- [Provided records]

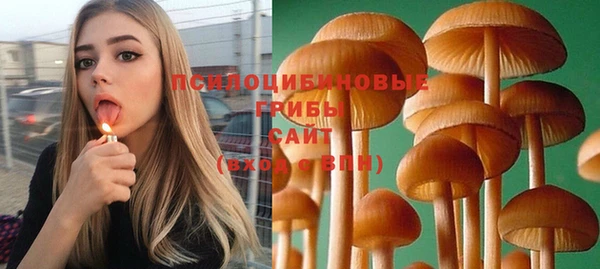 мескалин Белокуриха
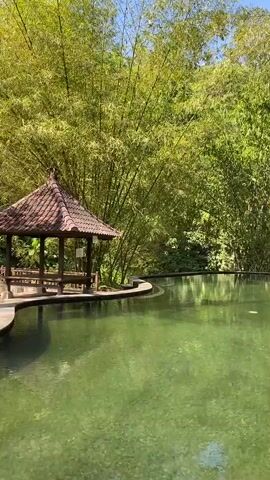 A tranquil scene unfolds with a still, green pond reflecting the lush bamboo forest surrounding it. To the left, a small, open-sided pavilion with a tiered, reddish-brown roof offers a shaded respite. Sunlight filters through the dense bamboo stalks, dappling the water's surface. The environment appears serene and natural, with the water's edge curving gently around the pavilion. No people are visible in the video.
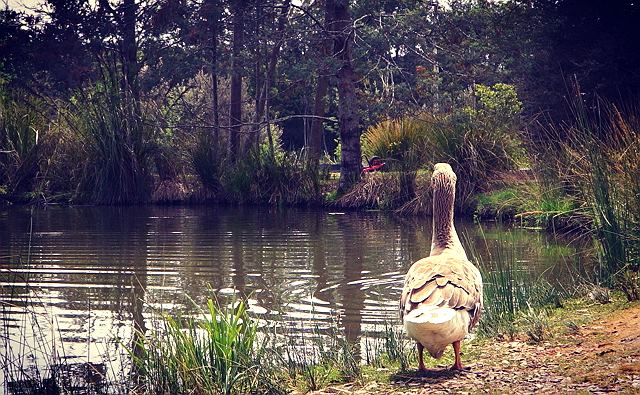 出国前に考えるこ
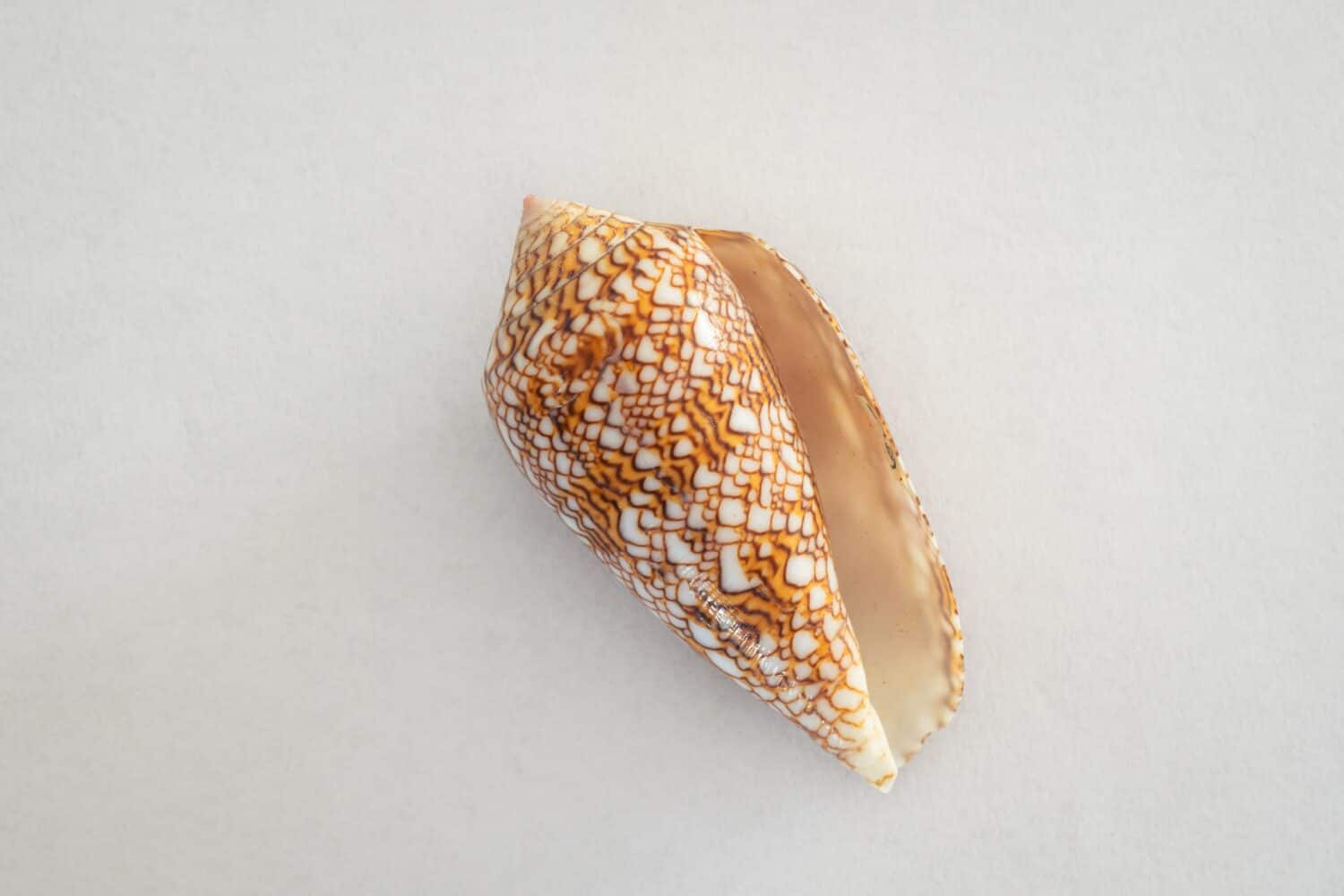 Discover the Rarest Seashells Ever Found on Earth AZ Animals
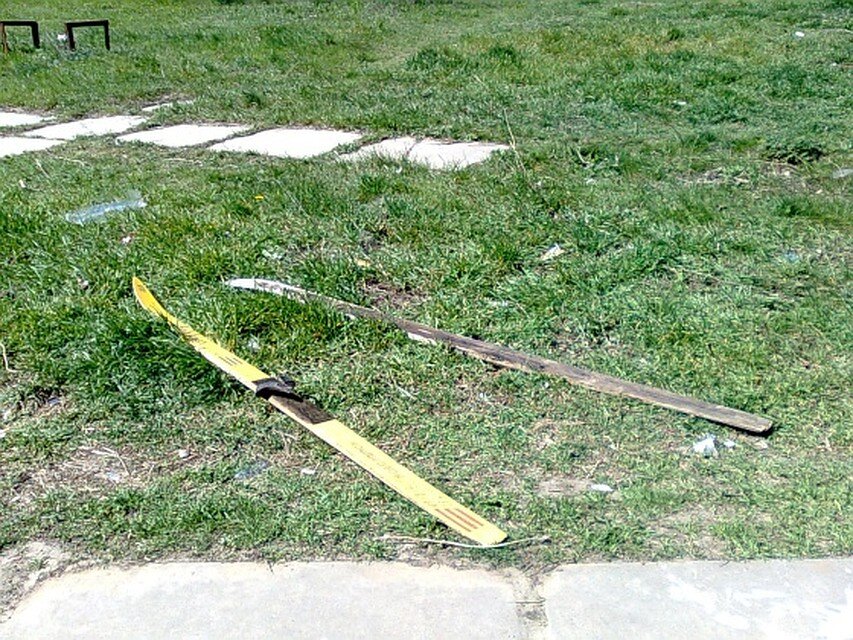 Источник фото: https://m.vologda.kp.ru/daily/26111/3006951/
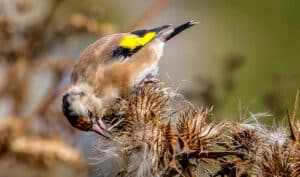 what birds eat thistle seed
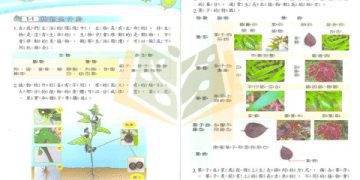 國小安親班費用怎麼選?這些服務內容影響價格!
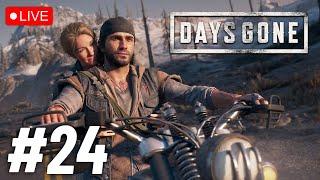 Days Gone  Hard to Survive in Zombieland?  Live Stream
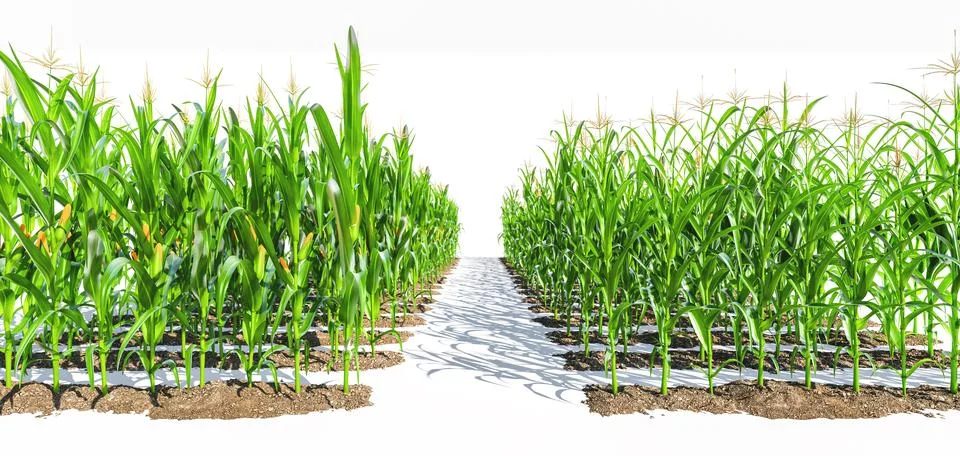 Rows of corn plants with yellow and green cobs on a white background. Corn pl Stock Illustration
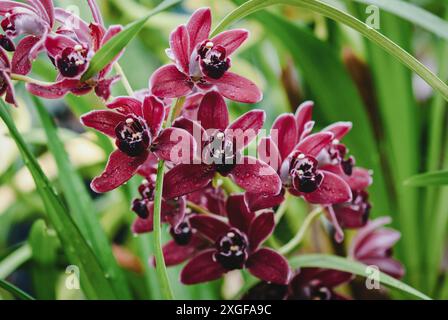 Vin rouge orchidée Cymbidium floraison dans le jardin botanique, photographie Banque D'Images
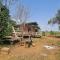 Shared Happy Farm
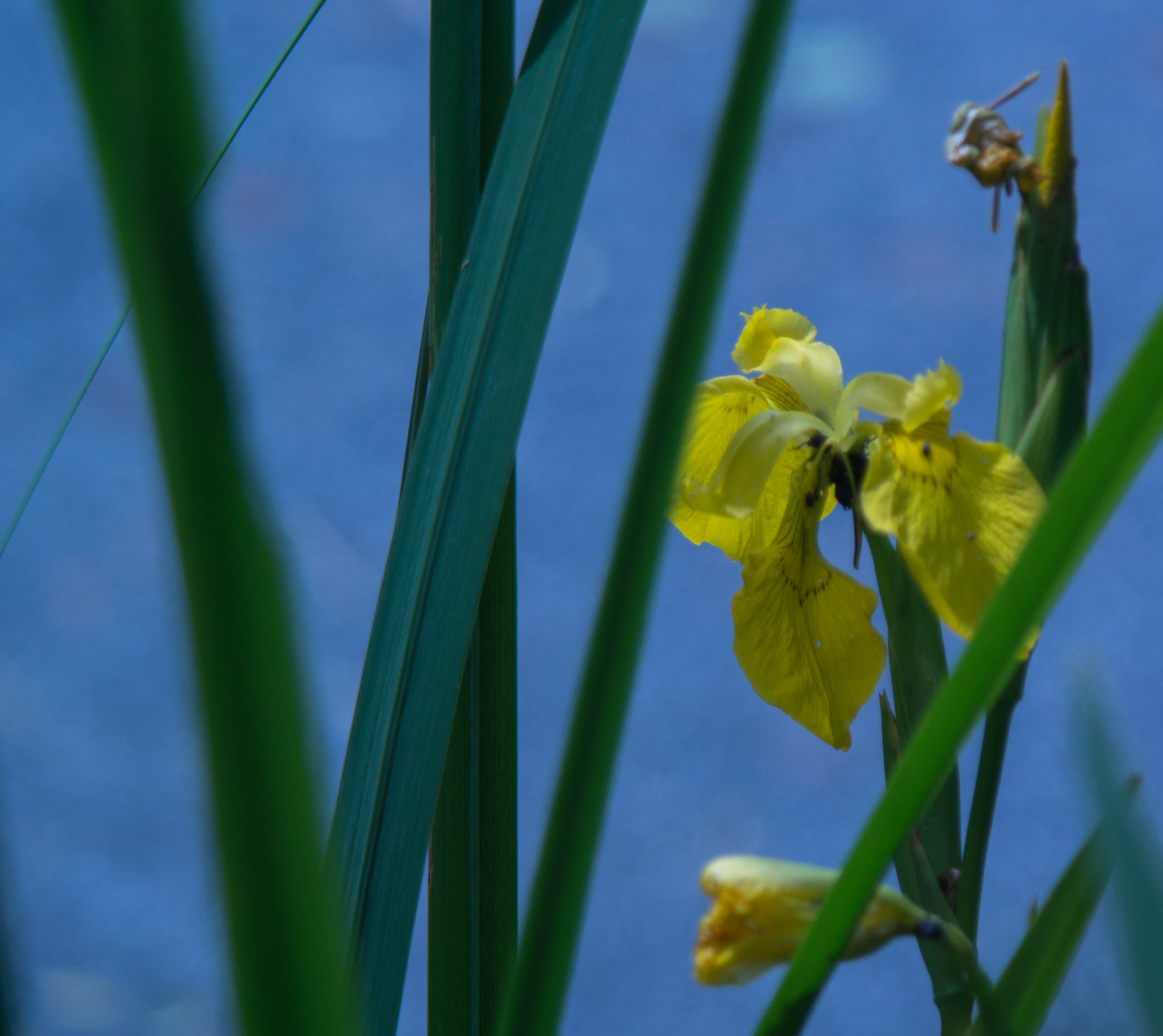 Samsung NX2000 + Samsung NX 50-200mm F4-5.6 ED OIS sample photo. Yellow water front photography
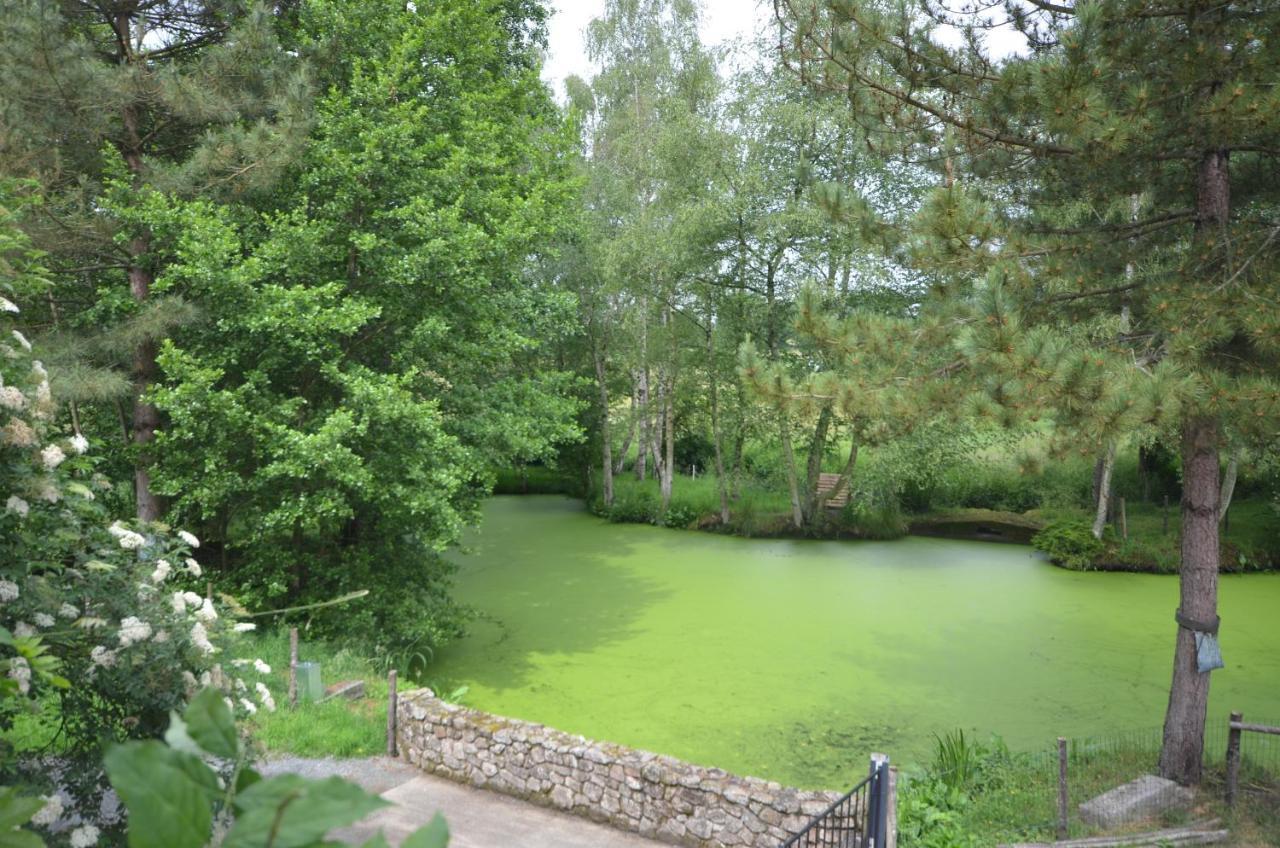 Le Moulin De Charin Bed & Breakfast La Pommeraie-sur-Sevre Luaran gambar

- [Activity] Print the listing exactly. No pictures belong in the copy.

- [Expected output]
 мескалин Белокуриха
 A tranquil scene unfolds with a still, green pond reflecting the lush bamboo forest surrounding it. To the left, a small, open-sided pavilion with a tiered, reddish-brown roof offers a shaded respite. Sunlight filters through the dense bamboo stalks, dappling the water's surface. The environment appears serene and natural, with the water's edge curving gently around the pavilion. No people are visible in the video.
 出国前に考えるこ
 Discover the Rarest Seashells Ever Found on Earth AZ Animals
 Источник фото: https://m.vologda.kp.ru/daily/26111/3006951/
 what birds eat thistle seed
 國小安親班費用怎麼選?這些服務內容影響價格!
 Days Gone  Hard to Survive in Zombieland?  Live Stream
 Rows of corn plants with yellow and green cobs on a white background. Corn pl Stock Illustration
 Vin rouge orchidée Cymbidium floraison dans le jardin botanique, photographie Banque D'Images
 Shared Happy Farm
 Samsung NX2000 + Samsung NX 50-200mm F4-5.6 ED OIS sample photo. Yellow water front photography
 Le Moulin De Charin Bed & Breakfast La Pommeraie-sur-Sevre Luaran gambar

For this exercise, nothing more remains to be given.